Text and image(s) from American City Flags, Raven 9-10 (2002-2003), courtesy of the North American Vexillological Association, which retains copyright. Image(s) from American City Flags by permission of David B. Martucci.

Design

Glendale’s flag places the city logo on a white field. The logo incorporates lettering below three stylized, overlapping shapes representing pillars. The lettering reads GLENDALE in a Times Roman-style font in teal (turquoise), except the A joins with a Z below it, in a script-like font in copper, representing “Arizona”. Parts of the A and Z overlap the adjoining letters. The pillar shapes, all copper-colored, are each a rectangle divided into quadrants just above its horizontal center, with a circular section (whose diameter is one-half the width of the rectangle) centered around the quadrants’ intersection point removed and one of the two lower quadrants removed. On a field of 4 by 6 units, the teal lettering extends 4.2 units wide and 0.6 units high. The pillars range from 1 unit wide and 1.25 units high to .75 units wide and .85 units high. The largest pillar is in the center; the others flank and overlap it on the left and right. The copper and teal colors are officially PMS 173c (876) and PMS 328.
Ted Kaye, American City Flags, Raven 9-10, 2002-2003

Symbolism

According to the city:
In 1990 a new contemporary logo was designed and officially adopted for use by the city. The new logo replaced the city seal and is characterized by three stylistic pillars adapted from a strong architectural element in city hall … The purpose of the logo was to provide a symbol and combination of color that can be easily identified by both citizens and businesses. The pillars represent three key elements of community—the citizens, the business sector, and the government that serves them.
Turquoise and copper are the city’s colors.

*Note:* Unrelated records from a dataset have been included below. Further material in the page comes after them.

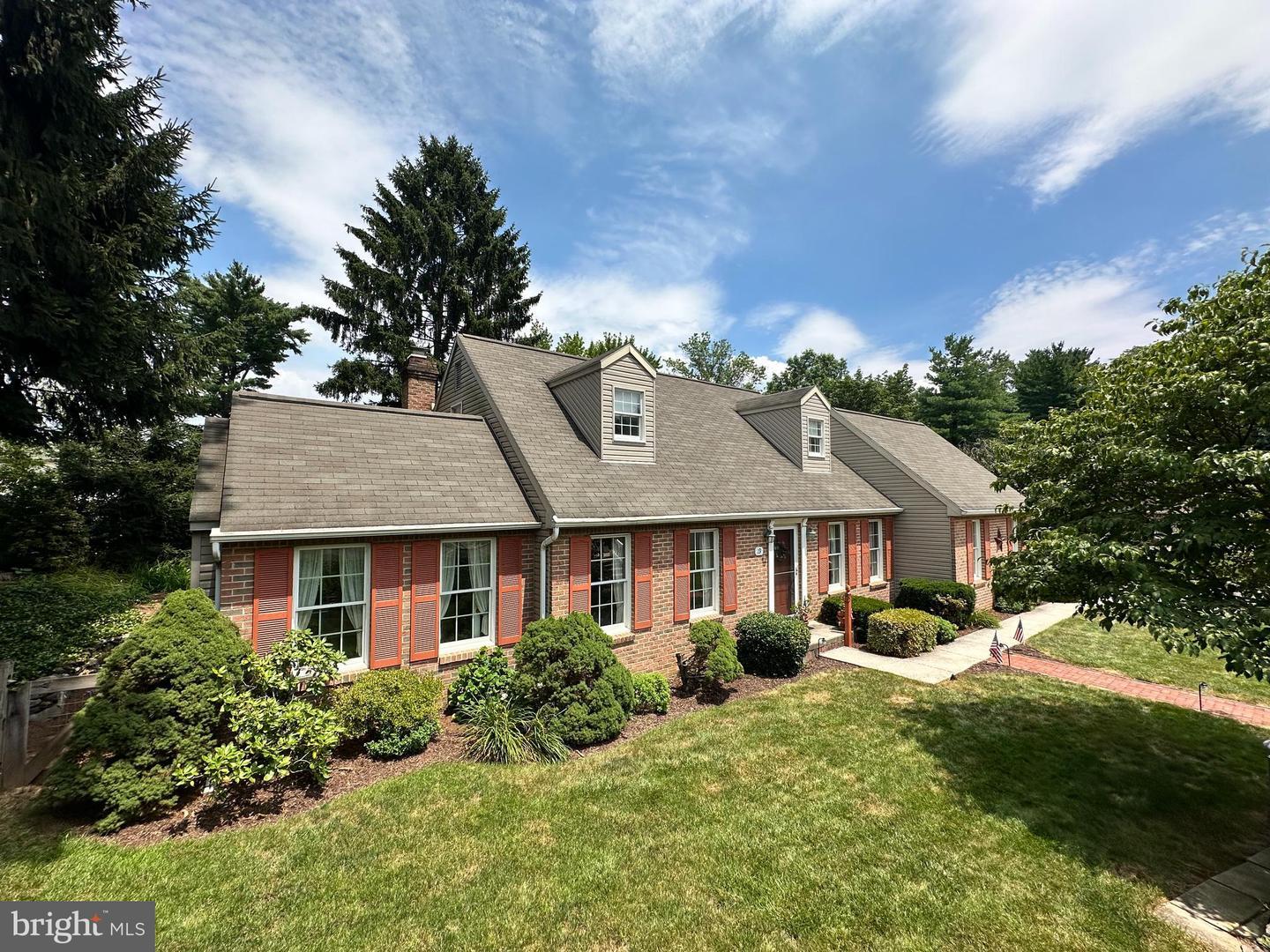 Property Photo: 19 Paddock Lane PA 17011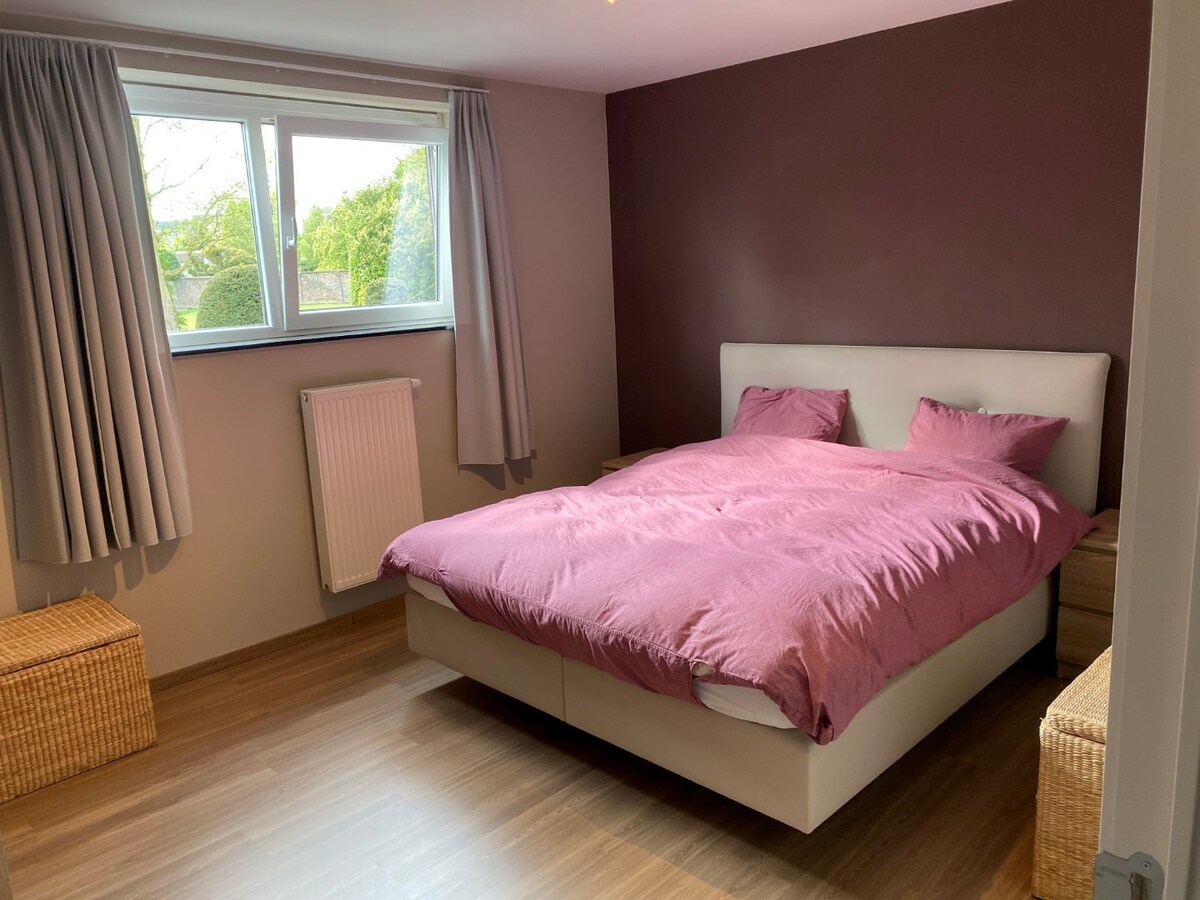 Ruim appartement met 2 terrassen. 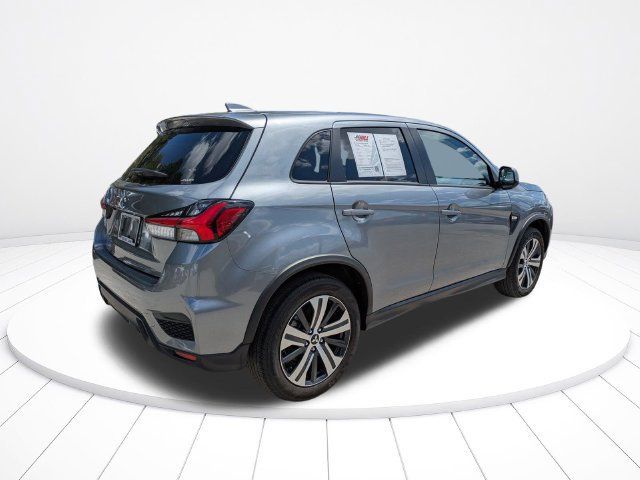 Used 2025 Mitsubishi Outlander Sport ES AWD/4WD image 4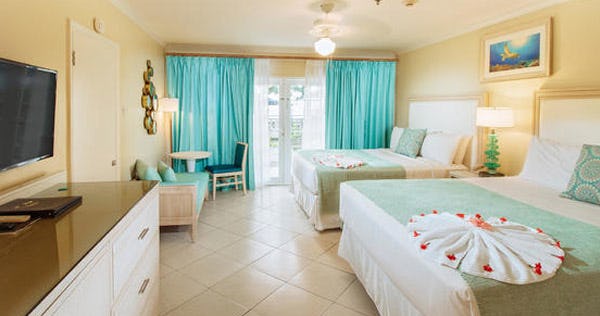 bay-gardens-beach-resort-and-spa-st-lucia-deluxe-beach-front-room_4819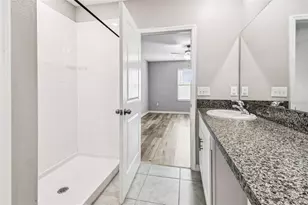 7205 Ronnie Gardens Ct, Tampa, FL 33619 - Photo 14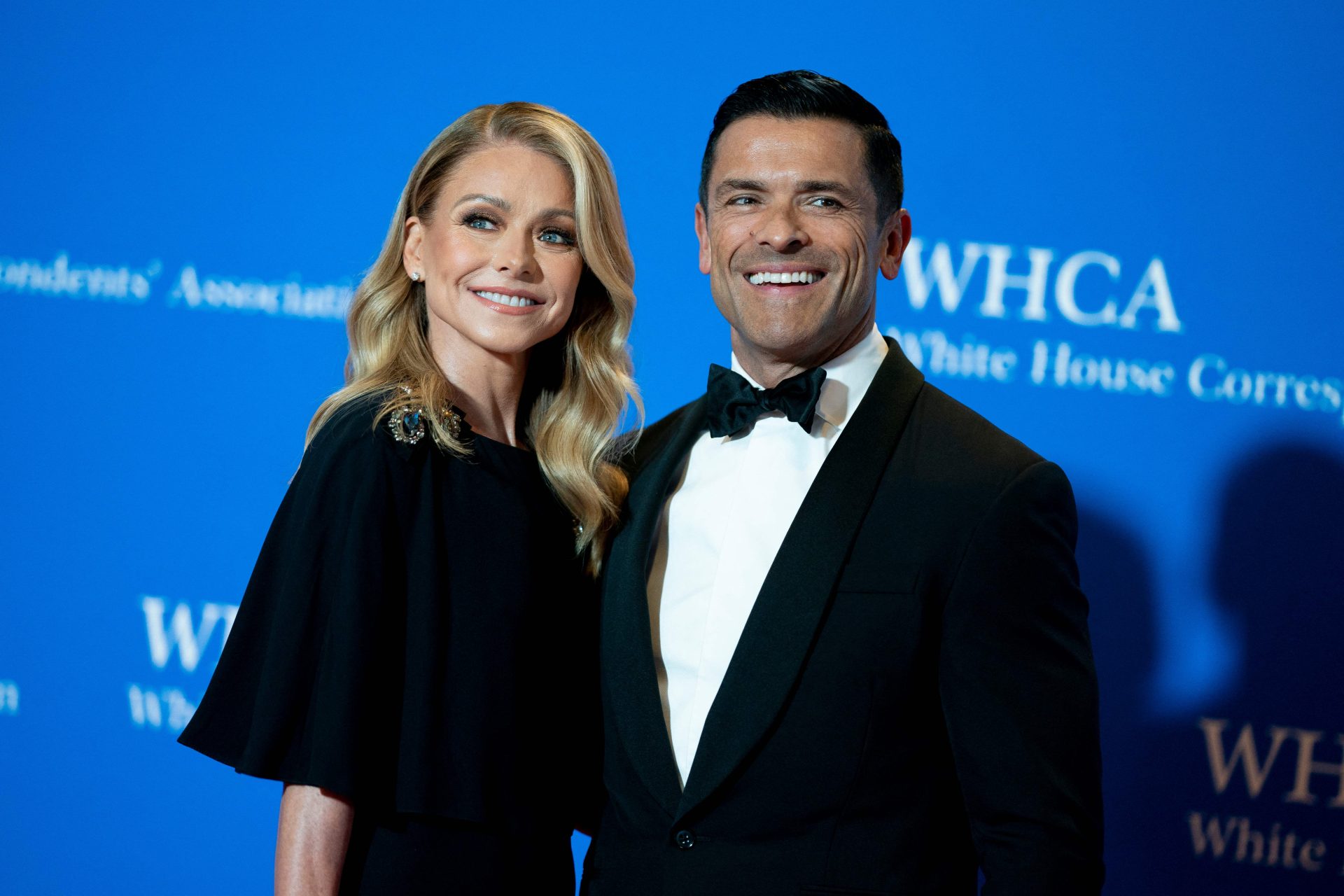 Kelly Ripa and Mark Consuelos arrive for the White House Correspondents' Association dinner in 2023.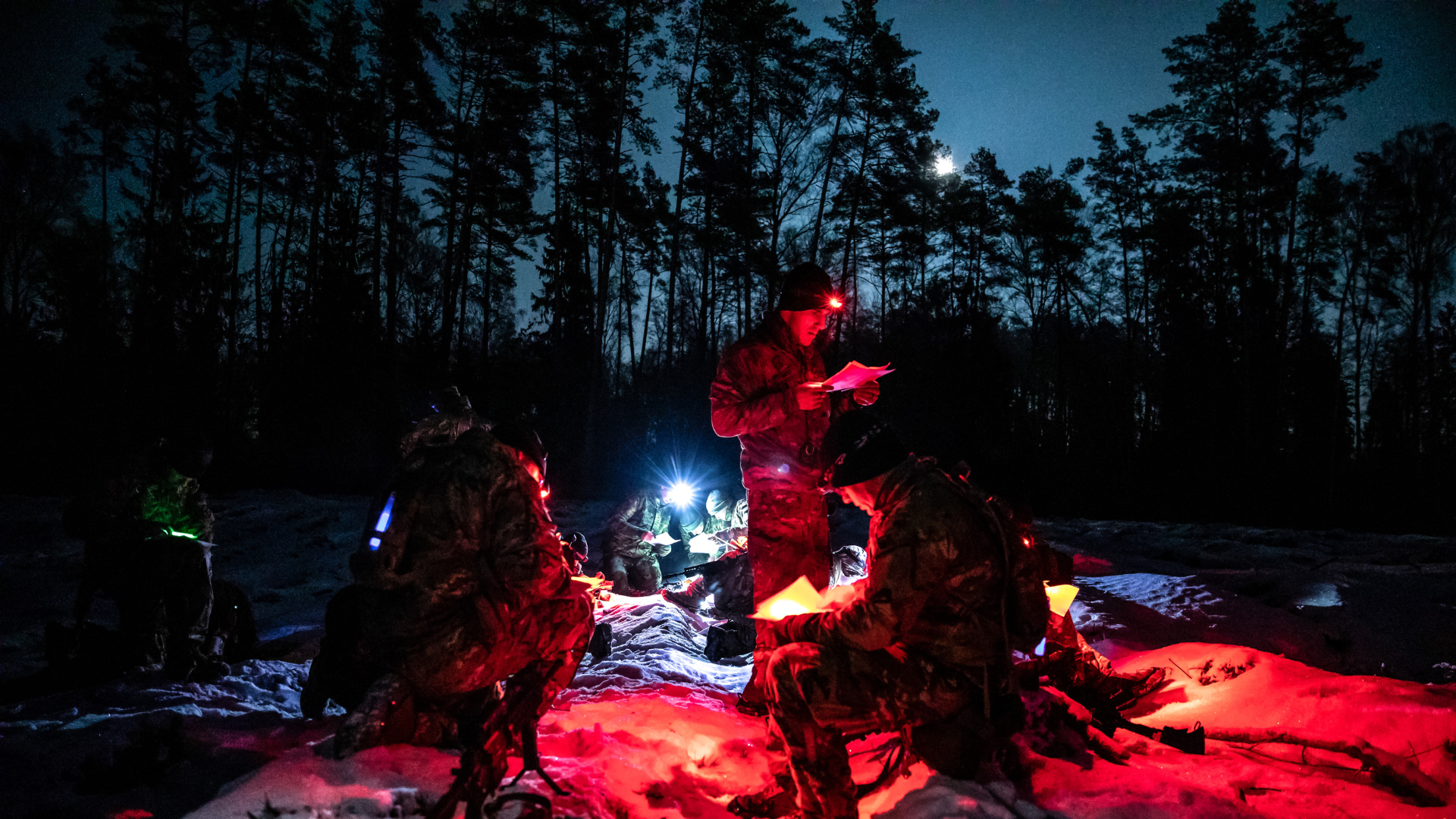 soldiers planning at night with night vision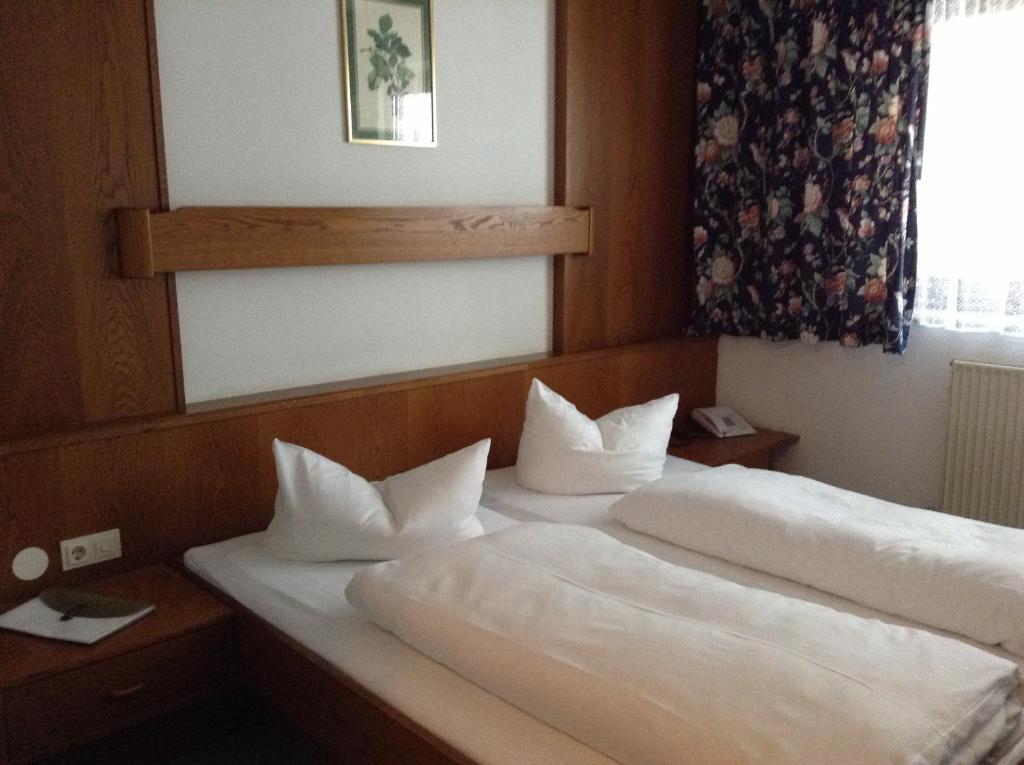 Hotel St. Hubertushof Zell am See Room photo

Turquoise may represent the gemstone common in the area and frequently used in local jewelry; copper may represent the mineral wealth of the region.
Ted Kaye, American City Flags, Raven 9-10, 2002-2003

Selection

The flag and logo were developed and adopted in anticipation of the 1991 centennial of the founding of Glendale.
Flag adopted: 1990 (official).
Ted Kaye, American City Flags, Raven 9-10, 2002-2003

Designer

The Marketing and Communications Department of the city, with help from an outside firm.
Ted Kaye, American City Flags, Raven 9-10, 2002-2003

More about the Flag

The Glendale city warehouse orders about 8 flags every year in 4 by 6 feet and 5 by 8 feet sizes. The flag flies on one of three poles in front of the city office building. In order to ensure preservation of its flags for future generations, the city donated full-size versions of the current and former flags to the Glendale Historical Society in 1998.
Ted Kaye, American City Flags, Raven 9-10, 2002-2003


Seal

[City seal] image located by Paul Bassinson, 17 April 2019

Source: http://i1.wp.com/az-locksmith.com/
Paul Bassinson, 17 April 2019


Former flag

[Flag of Glendale, Arizona] 2:3 image(s) by permission of David B. Martucci
image(s) from American City Flags, Raven 9-10 (2002-2003), courtesy of the North American Vexillological Association, which retains copyright.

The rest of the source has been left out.